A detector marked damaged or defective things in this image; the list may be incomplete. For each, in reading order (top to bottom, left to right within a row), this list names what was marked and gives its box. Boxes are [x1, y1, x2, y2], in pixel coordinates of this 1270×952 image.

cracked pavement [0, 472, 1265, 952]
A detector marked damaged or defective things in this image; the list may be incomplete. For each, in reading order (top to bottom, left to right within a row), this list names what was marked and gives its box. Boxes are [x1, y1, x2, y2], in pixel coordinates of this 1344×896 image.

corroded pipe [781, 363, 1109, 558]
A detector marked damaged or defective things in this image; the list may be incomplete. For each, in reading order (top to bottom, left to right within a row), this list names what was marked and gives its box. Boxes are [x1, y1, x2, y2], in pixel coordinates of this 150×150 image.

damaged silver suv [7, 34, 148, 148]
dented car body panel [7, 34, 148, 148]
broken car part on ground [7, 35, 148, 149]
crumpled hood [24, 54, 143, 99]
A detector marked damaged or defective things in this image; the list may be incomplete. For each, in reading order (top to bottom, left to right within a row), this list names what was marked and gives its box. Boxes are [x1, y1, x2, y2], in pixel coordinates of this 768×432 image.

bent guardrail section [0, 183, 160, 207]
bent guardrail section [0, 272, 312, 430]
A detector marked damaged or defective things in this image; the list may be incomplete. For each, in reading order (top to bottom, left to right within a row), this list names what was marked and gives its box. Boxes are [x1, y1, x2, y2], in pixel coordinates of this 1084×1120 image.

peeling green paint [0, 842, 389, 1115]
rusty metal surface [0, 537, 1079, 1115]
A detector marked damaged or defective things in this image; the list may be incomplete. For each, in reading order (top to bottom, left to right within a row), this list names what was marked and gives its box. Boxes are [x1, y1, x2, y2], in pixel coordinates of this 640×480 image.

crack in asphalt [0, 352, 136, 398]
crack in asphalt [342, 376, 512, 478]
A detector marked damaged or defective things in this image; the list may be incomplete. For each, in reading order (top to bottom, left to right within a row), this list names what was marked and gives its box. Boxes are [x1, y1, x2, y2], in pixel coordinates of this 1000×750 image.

════════════════════

The response must contain exactly the lines from the one with "this 1084×1120 image." to the end of the entries above, both included, and nothing more.

A detector marked damaged or defective things in this image; the list may be incomplete. For each, in reading order (top to bottom, left to right within a row), this list names what was marked and gives its box. Boxes are [x1, y1, x2, y2], in pixel coordinates of this 1084×1120 image.

peeling green paint [0, 842, 389, 1115]
rusty metal surface [0, 537, 1079, 1115]
A detector marked damaged or defective things in this image; the list may be incomplete. For each, in reading order (top to bottom, left to right within a row), this list names what was marked and gives its box. Boxes are [x1, y1, x2, y2], in pixel coordinates of this 640×480 image.

crack in asphalt [0, 352, 136, 398]
crack in asphalt [342, 376, 512, 478]
A detector marked damaged or defective things in this image; the list may be incomplete. For each, in reading order (top to bottom, left to right within a row), this list names what was marked and gives its box. Boxes are [x1, y1, x2, y2], in pixel coordinates of this 1000×750 image.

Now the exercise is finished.